Since a lens is just a function of a particular type, the only thing we can conclude about such a function is whatever we can deduce from its type.

To reason about the properties of functions based only on their types we make use of the theory of parametricity, which tells how to derive a so-called “free theorem” from a type. This blog post is a tutorial on how to do this; it won’t explain *why* the theory works, only *how* it works. A Haskell practitioner’s guide to parametricity, if you will.

This is a two-part blog post.
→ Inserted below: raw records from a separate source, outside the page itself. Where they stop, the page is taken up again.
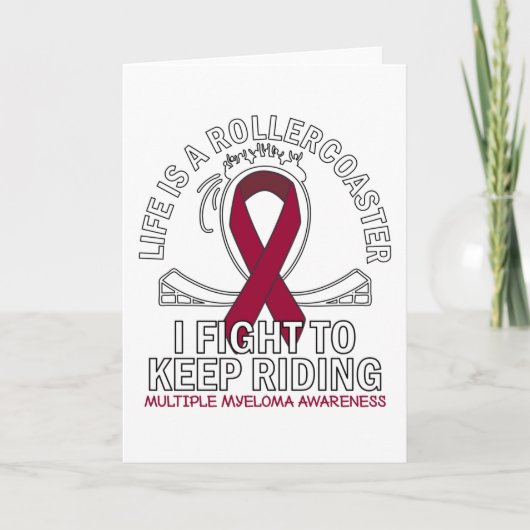 Multiple Myeloma cancer awareness burgundy ribbon Karte (Vorderseite)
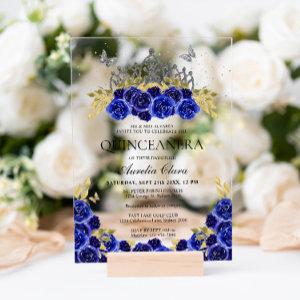 Elegant Glam Blue Floral Silver Tiara Quinceanera Acrylic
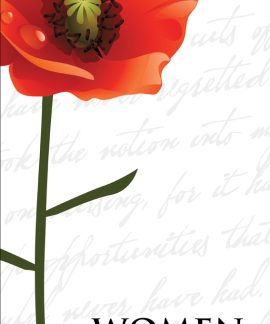 Red poppy with Women in War text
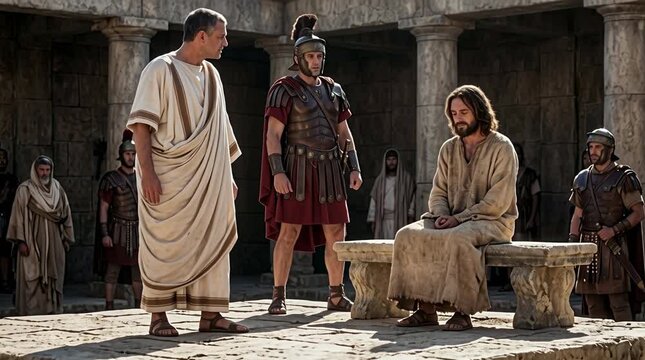 Jesus sitting on the judge's bench at Gabbatha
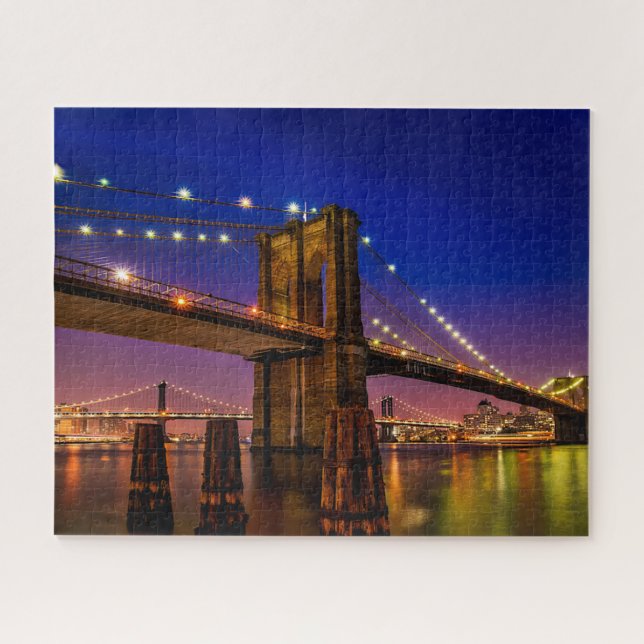 Puzzle Puente de Brooklyn, Nueva York de noche (Horizontal)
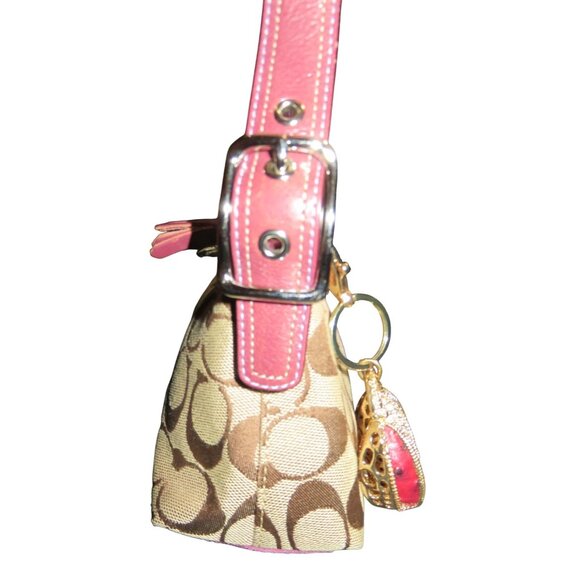 SOLD Coach 2005 Vintage Canvas & Suede Signature Demi Baguette Sufflette Bag - Picture 4 of 12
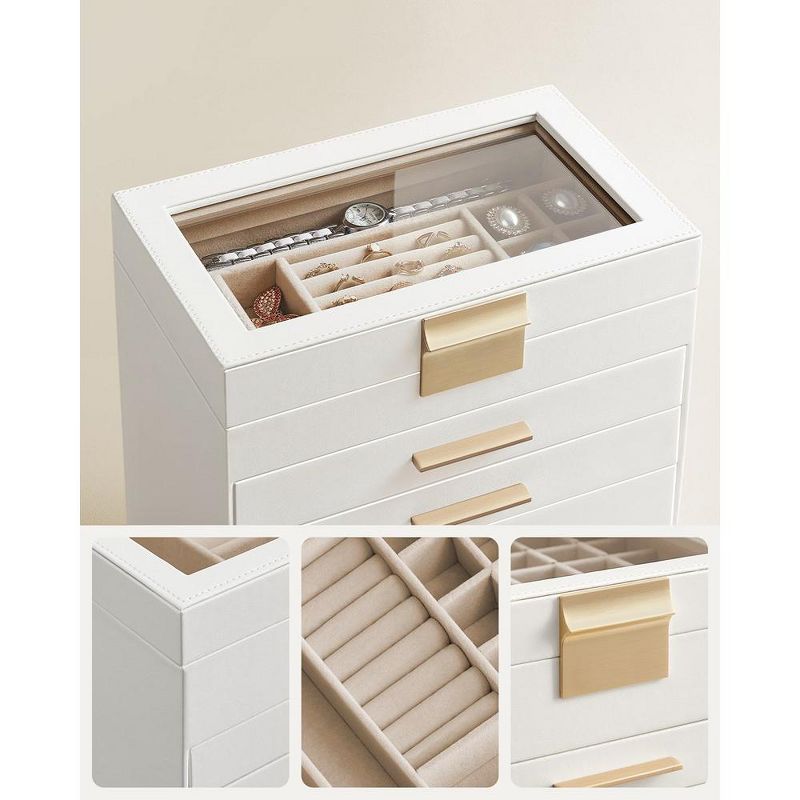 SONGMICS Jewelry Box Jewelry Storage with Glass Lid, 6-Layer Jewelry Organizer, 5 Drawers, Cloud White and Gold Color, 5 of 8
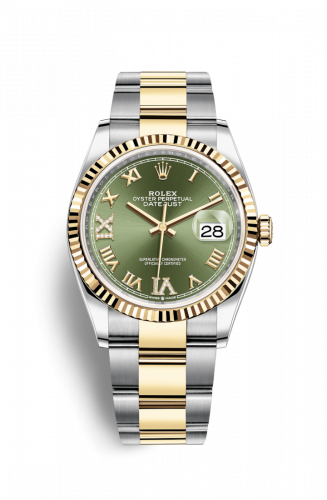 Rolex Datejust 36 Oystersteel / Yellow Gold Olive Green VI IX Diamond 6 & 9 Roman Dial Oyster Fluted Bezel
Ref. 126233-0026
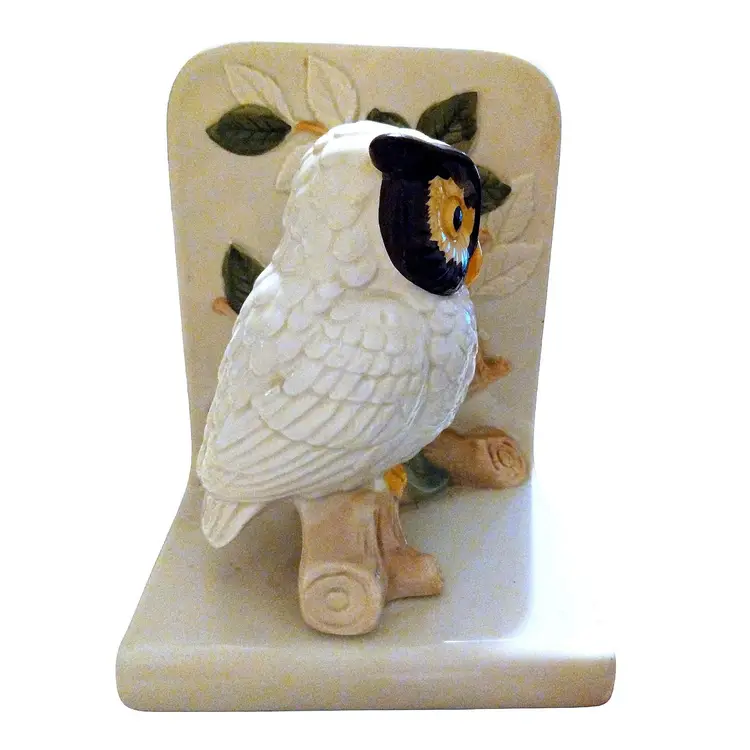 Vintage white Ceramic Owl Bookends 1960s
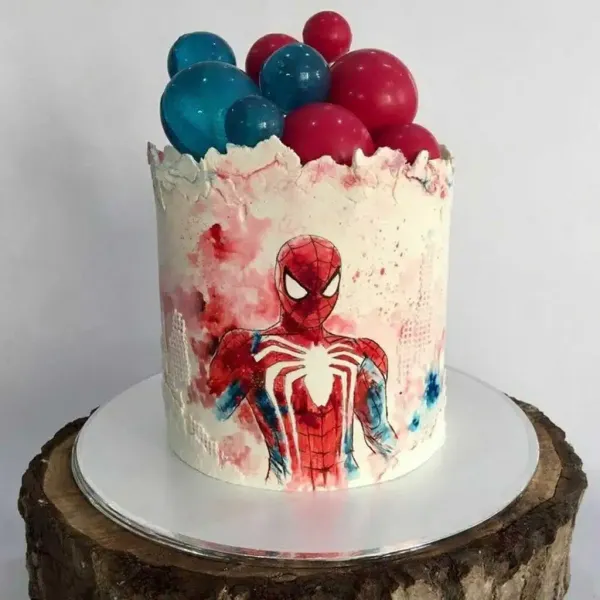 عکس کیک با طرح مرد عنکبوتی خفن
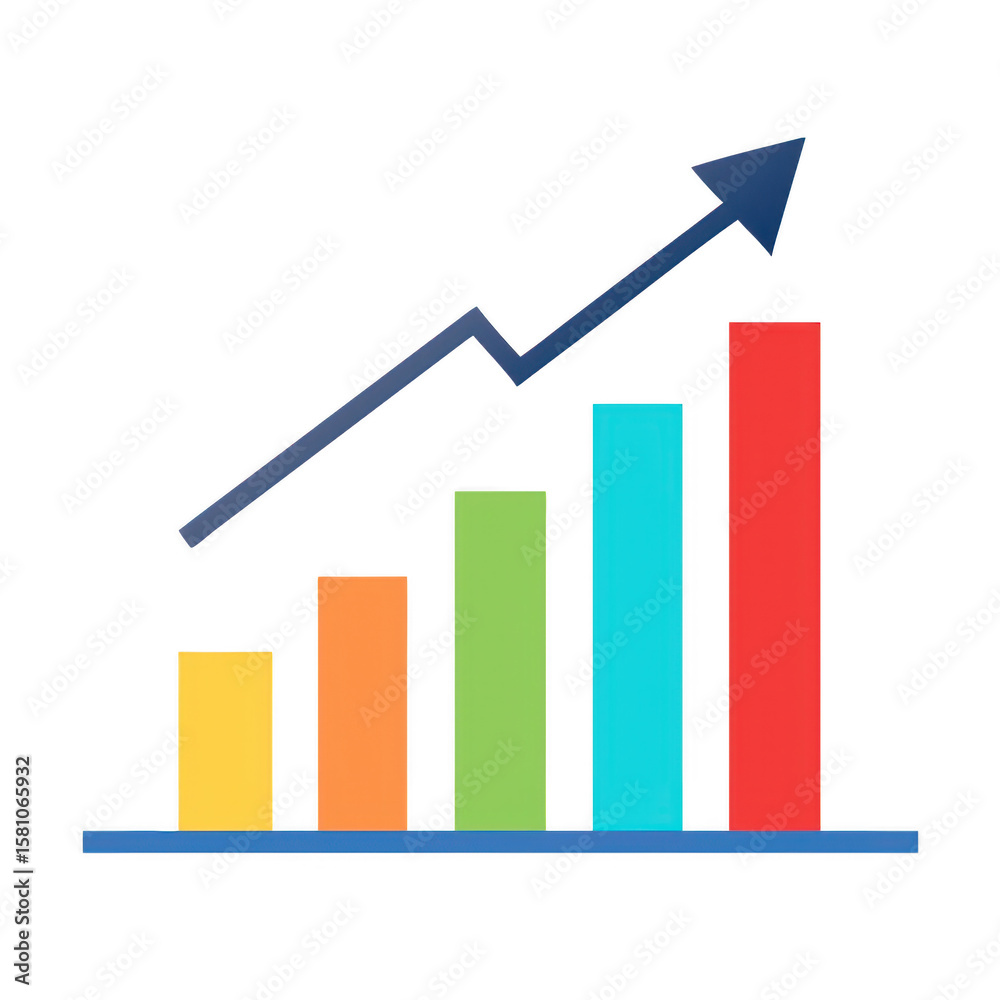 Poster rising bar graph with arrow on transparent background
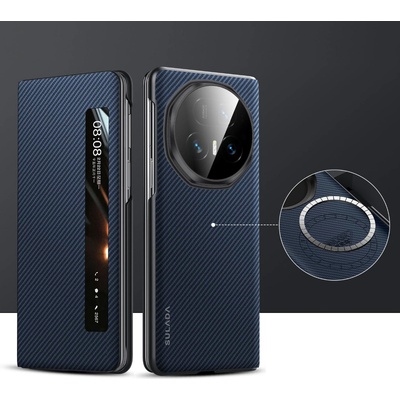 Huawei Калъф SULADA Kevlar за Honor Magic V5 - смарт капак с прозорец, кожена текстура и магнитна функция, различни цветове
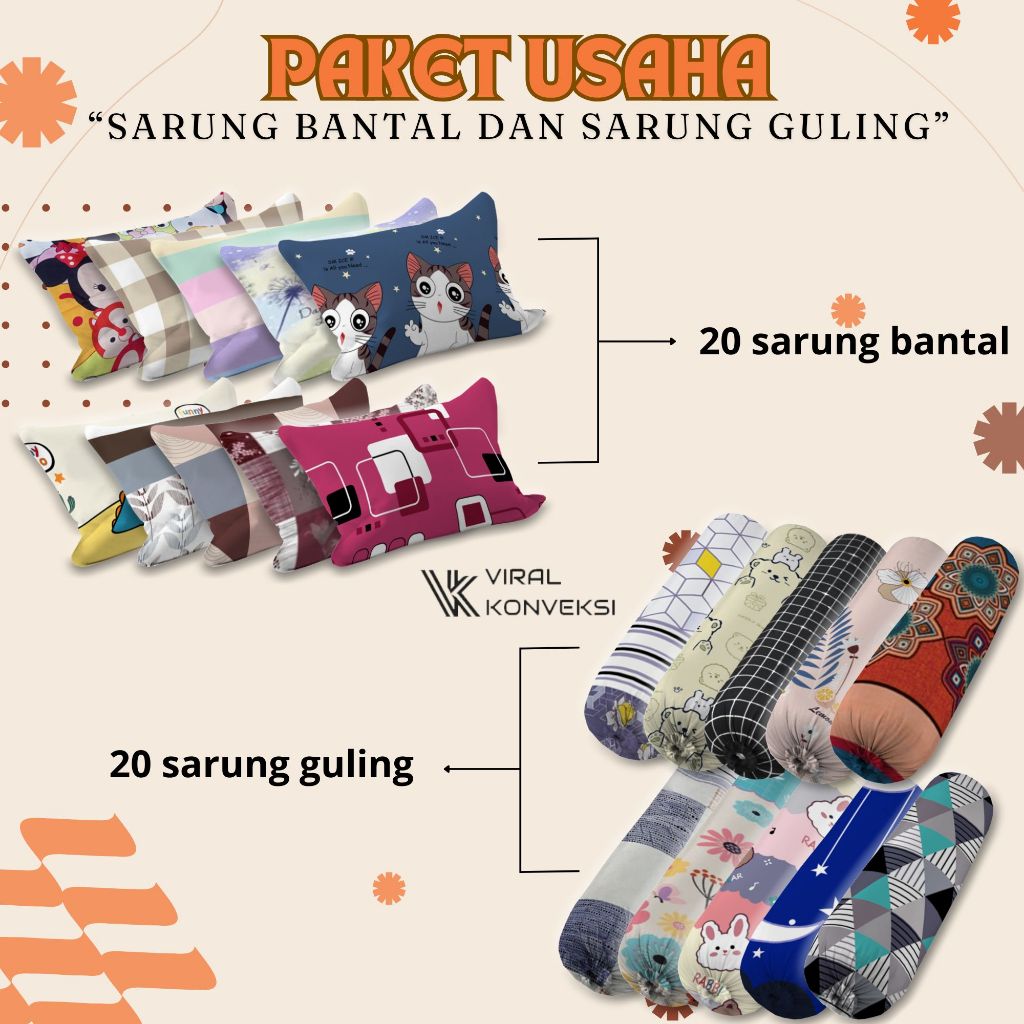 Sarung Bantal Dan Sarung Guling Kodian Isi 20 Pcs - Paket Usaha Bahan Katun Halus 1 Kodi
In part 1 (this post) we will cover the basics: constant types, functions and polymorphism (over types of kind `*`

).

In part 2 we will deal with more advanced material: type constructor (types of kind `* -> *`

), type classes, polymorphism over type constructors and type constructor classes.

## The Basics

The main theorem of parametricity is the following:

`if f :: t then f ℛ(t) f`

When `t`

is a closed type, `ℛ(t)`

is a relation between two terms of type `t`

(we shall see later that the type of `ℛ`

is actually slightly more general). In words, parametricity states that any term `f`

of type `t`

is related to itself by `ℛ(t)`

. Don’t worry if this all looks incredibly abstract! We shall see lots and lots of examples.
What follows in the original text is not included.